Level: Elementary (A2) +
Interaction: pairs, groups of three, whole class
Aim: To introduce the topic of mobile devices (mobile phones); to practise speaking.
Language focus: present simple to describe ability and actions (It can …, It makes …, It washes …, etc.)
Technology: none

Before the class

Print out the images of the old-fashioned mobile phone and modern smartphone located in the file under Related resources at the bottom of the page. Alternatively, you can find Creative Commons licensed images by searching in Flickr.


1. Show the class the images of the two phones. Put students in pairs and ask them to brainstorm the functions of each phone. After a few minutes, ask for feedback and put their ideas on the board.

2. Tell students that they are going to design their own ideal mobile phones. They can add any functions they like to this phone and the functions should be fun, e.g. it makes your coffee and toast in the morning; it sends your granny/mother a birthday present on her birthday; it washes the dog … Put the students in groups of 3 (A+B+C) and give them five to ten minutes to brainstorm and make a list of their ideal phone functions.

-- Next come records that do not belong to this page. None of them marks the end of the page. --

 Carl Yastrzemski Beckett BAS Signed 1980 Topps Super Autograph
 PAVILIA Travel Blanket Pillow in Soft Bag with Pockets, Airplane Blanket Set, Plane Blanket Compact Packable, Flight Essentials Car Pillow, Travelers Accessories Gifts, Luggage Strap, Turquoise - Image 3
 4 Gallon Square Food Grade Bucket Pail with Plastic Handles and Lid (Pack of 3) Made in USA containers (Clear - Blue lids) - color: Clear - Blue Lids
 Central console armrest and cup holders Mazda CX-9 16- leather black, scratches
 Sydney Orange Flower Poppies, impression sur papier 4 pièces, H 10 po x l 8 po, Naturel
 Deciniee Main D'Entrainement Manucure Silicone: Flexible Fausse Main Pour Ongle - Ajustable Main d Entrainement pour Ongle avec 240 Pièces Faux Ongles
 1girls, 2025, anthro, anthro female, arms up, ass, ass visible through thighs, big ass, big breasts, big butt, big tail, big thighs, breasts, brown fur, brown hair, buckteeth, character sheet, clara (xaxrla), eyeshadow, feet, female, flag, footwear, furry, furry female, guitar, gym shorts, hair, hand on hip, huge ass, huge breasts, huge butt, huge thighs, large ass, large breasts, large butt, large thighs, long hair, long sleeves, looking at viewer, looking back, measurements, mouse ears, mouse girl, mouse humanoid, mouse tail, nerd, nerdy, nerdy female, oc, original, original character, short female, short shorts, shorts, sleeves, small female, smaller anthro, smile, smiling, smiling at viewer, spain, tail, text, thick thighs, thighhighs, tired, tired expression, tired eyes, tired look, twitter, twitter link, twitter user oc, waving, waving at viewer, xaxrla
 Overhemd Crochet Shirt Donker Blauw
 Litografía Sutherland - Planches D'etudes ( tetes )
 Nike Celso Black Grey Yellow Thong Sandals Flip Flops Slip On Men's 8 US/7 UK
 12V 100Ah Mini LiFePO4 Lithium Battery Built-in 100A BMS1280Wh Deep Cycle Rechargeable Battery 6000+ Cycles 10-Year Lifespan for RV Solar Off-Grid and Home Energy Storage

Include sentences with present simple 3rd person singular verbs (e.g. makes, sends, takes) and with can + infinitive to review this language area with students if necessary.

3. Regroup the students so that they are sitting with somebody new (e.g. As together, Bs together, Cs together). Students describe their ideal mobile phones to their new group members. Each person in the group must decide which new mobile phone they would buy and why.

4. Conduct class feedback. Ask students: Which phone sold the most? Which phones had the most unusual or interesting features? Tell us about these features. For lower level students, this provides another opportunity to produce sentences with the verb + ‘s’ and/or sentences with can.

Follow up

Students individually create a short text with images as an advertisement for their ideal mobile phone, on paper. If your students have access to computers, they can do this with digital images and text, e.g. in a PowerPoint slide. Share the advertisements with the class. You can ask students to vote on which advertisement is the most persuasive and why.


Instead of listing their ideal phone functions in Step 2, students (especially younger learners) can be encouraged to draw their phone and label the functions, on paper, or in a drawing program on tablet. These drawings can then be included in the follow up activity.